Sous influence : le chic aristocratique
cr : Antoine Marcolli
Longs jupons de vestales champêtres, feuilletages de mousseline et d'organza délicatement animés par la lumière, semis de bouquets anciens comme un herbier couture, ensembles de coton craquant animés d'effets brodés - sculptés façon stuc pâli au soleil d'un jardin à la française... Une grâce poétique imprègne la dernière collection couture de Valentino. Pier Paolo Piccioli et Maria Grazia Chiuri, le duo aux commandes de la maison depuis 2008, imposent la griffe italienne sur de nouveaux territoires. Du glamour flamboyant inventé par Valentino Garavani, le fondateur de la maison, restent quelques flammes bien domptées.
La nouvelle femme Valentino a délaissé ses fourreaux rouges pour un vestiaire plus délicat. Son allure éthérée cache une personnalité forte et complexe, et une culture kaléidoscopique. Les robes couture de l'été 2012 incarnent parfaitement cette nouvelle ère. Dans les plis fragiles de leurs longues robes de princesses, on lit en filigrane de multiples références cinématographiques. Les ladies anglaises du XVIIIe siècle immortalisées dans le Barry Lyndon de Stanley Kubrick (tourné en 1975) ont laissé un peu de leur romantisme dans ces robes mousseuses à souhait. Les fantômes de Marie-Antoinette et des fêtes tumultueuses données à la cour de Versailles, invoqués en 2006 par Sofia Coppola, planent sur ce trousseau assorti à leurs parties de campagne où la romance sucrée flirte avec le rock branché.
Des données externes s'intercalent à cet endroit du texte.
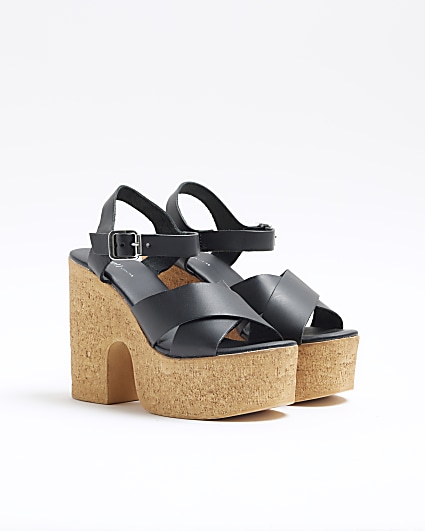 Black leather platform heeled sandals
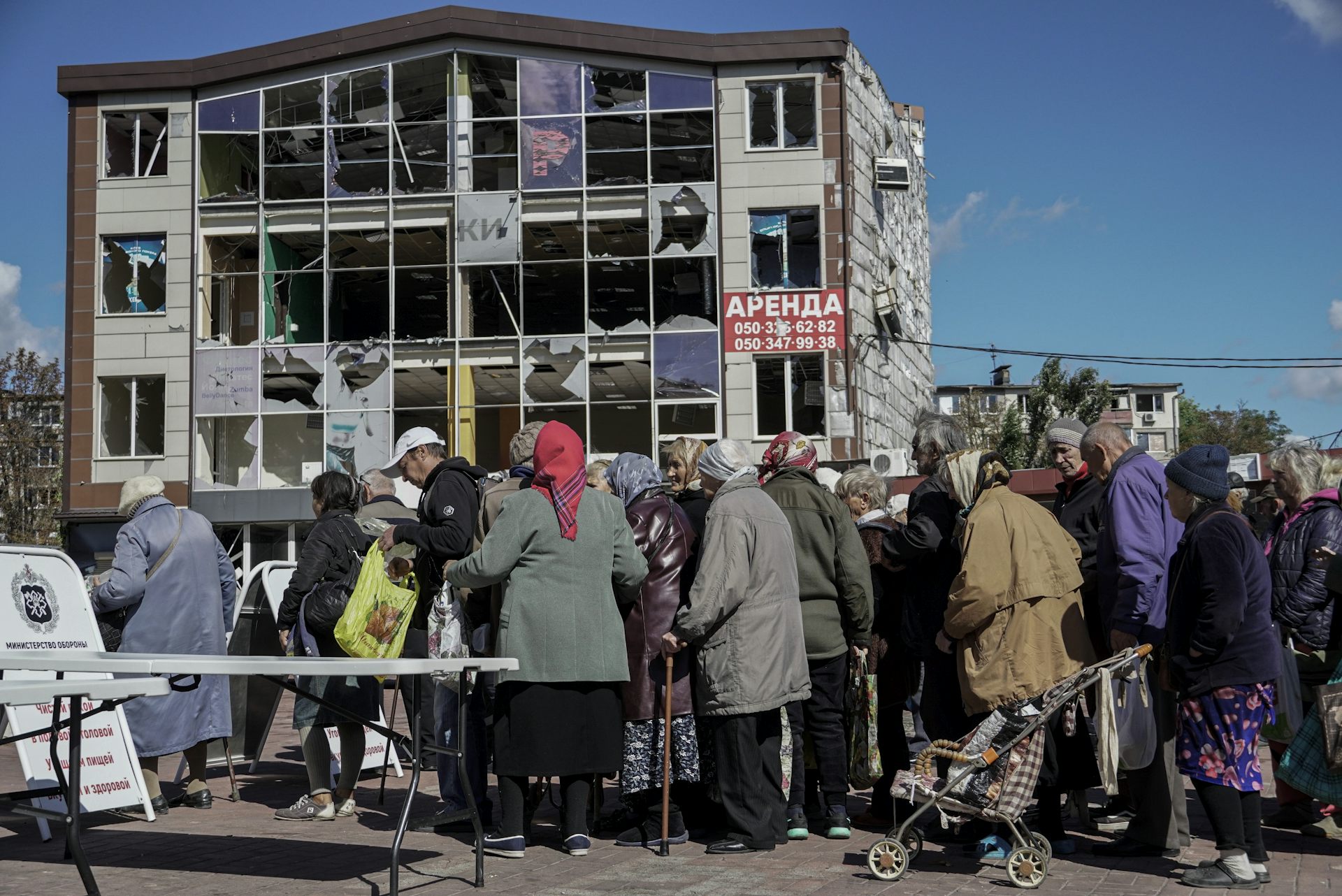 A line of Ukrainians waits to vote in front of a bomb-damaged apartment building, September 2022.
Ce n'est sans doute pas un hasard si les costumes des deux films sont signés (cosignés pour Barry Lyndon) par la même créatrice : la Turinoise Milena Canonera, qui a décroché deux Oscars pour son travail sur ces longs métrages. Les deux ensembles relèvent du même mélange imparable entre une culture artistique et vestimentaire encyclopédique et un sens de la narration épique. Ils illustrent également une certaine élégance aristocratique que l'on retrouve dans d'autres références qui nourrissent la collection Valentino : les créatures préraphaélites aux longs cous et à la peau diaphane, mais aussi les portraits de dames sophistiquées de John Singer Sargent.
Toutes ces muses imaginaires ont en commun une grâce innée, un goût sûr, de ceux qui ne s'achètent pas. Au XXIe siècle, il n'est plus question d'attribuer ce sens du beau à une minorité à particule. Désormais, l'aristocratie de l'élégance repose sur des fondements bien plus complexes : une somme d'affinités électives nourries par une culture commune et additionnées de micro-variations intangibles. Une chose est sûre : si ce concept du chic, à la fois plus démocratique et plus difficile à atteindre, devait s'incarner dans une robe, elle serait signée Valentino.